#### [Directions for this task]
Below are some records. Write out the lines from the one containing "Sirop expectorant de" to the last line, word for word, leaving out pictures.

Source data
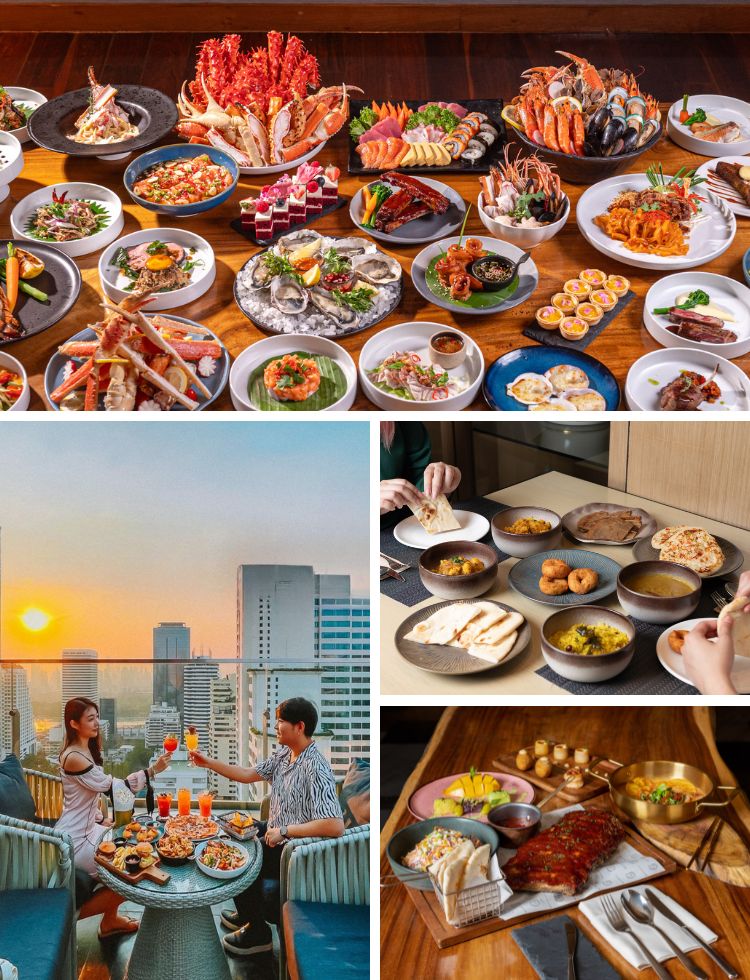 ตัวเลือกอาหารในโรงแรม ที่ดีที่สุด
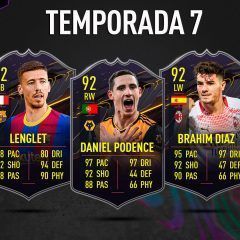 FIFA 21. Recompensas de la Temporada 7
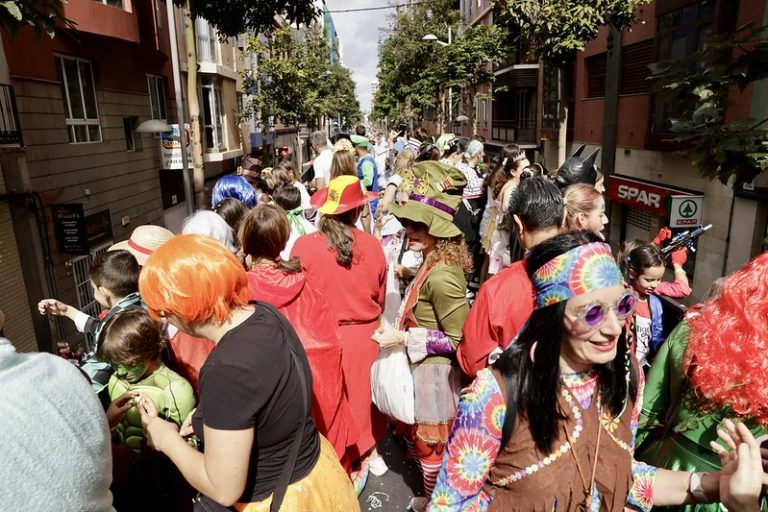 Cabalgata.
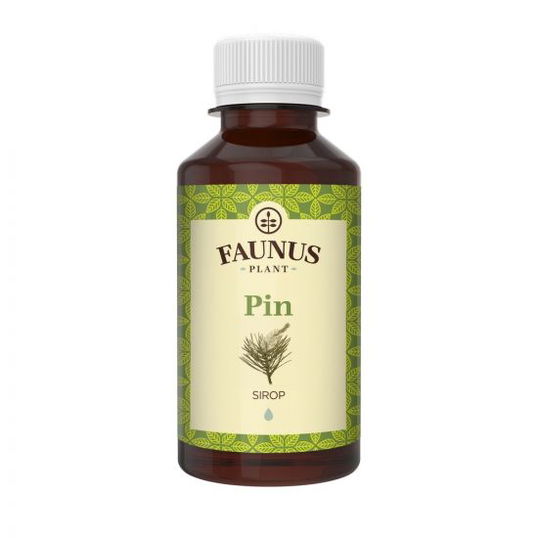 Sirop expectorant de Pin, 200ml, Faunus Plant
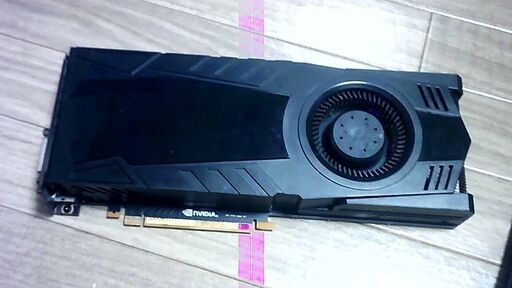 グラフィックボード　GTX980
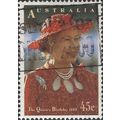 AUSTRALIA, Queen Elizabeth II Birthday, red 199...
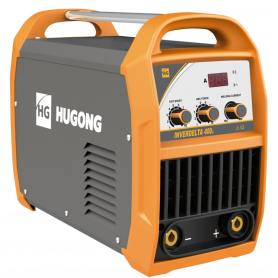 SOLDADORA ELECTRODO MMA HG INVERDELTA 400 III - HUGONG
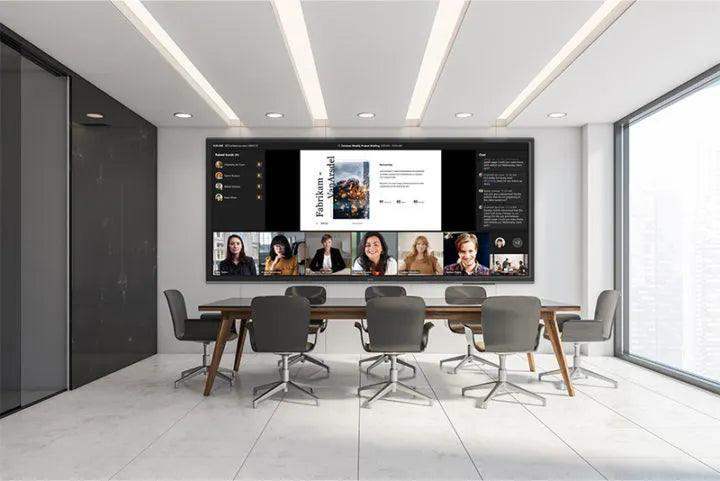 Avocor Microsoft Teams Signature Auto Framing 21:9 Video Conferencing Solution - Creation Networks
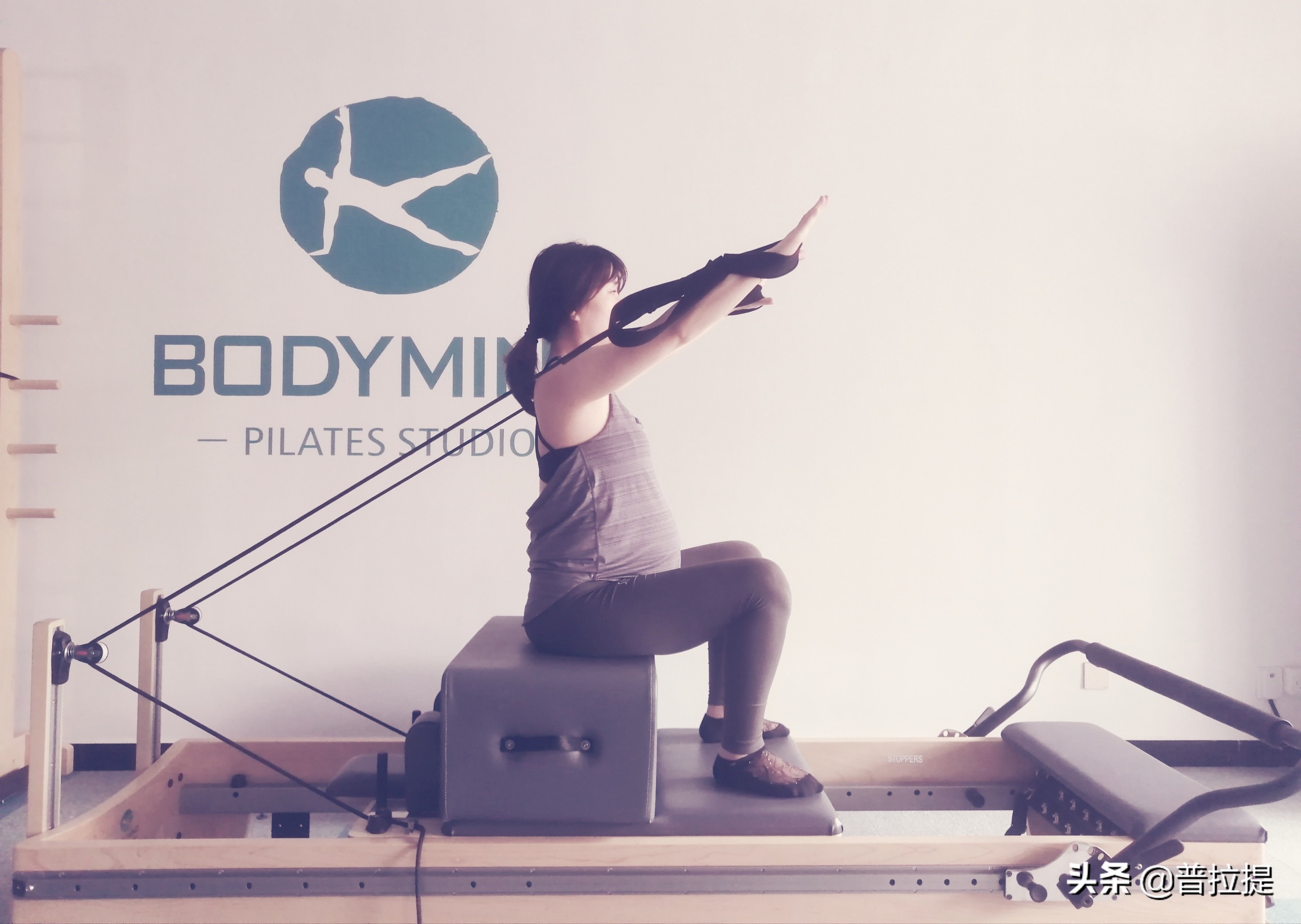 产前普拉提的正确方法,产后如何用普拉提圈修复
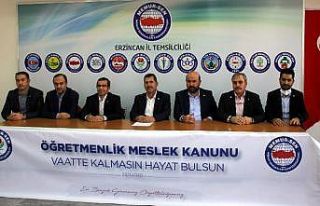 Gül: “Öğretmenlik Meslek Kanunu vaatte kalmasın,...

#### [Response box]
 Sirop expectorant de Pin, 200ml, Faunus Plant
 グラフィックボード　GTX980
 AUSTRALIA, Queen Elizabeth II Birthday, red 199...
 SOLDADORA ELECTRODO MMA HG INVERDELTA 400 III - HUGONG
 Avocor Microsoft Teams Signature Auto Framing 21:9 Video Conferencing Solution - Creation Networks
 产前普拉提的正确方法,产后如何用普拉提圈修复
 Gül: “Öğretmenlik Meslek Kanunu vaatte kalmasın,...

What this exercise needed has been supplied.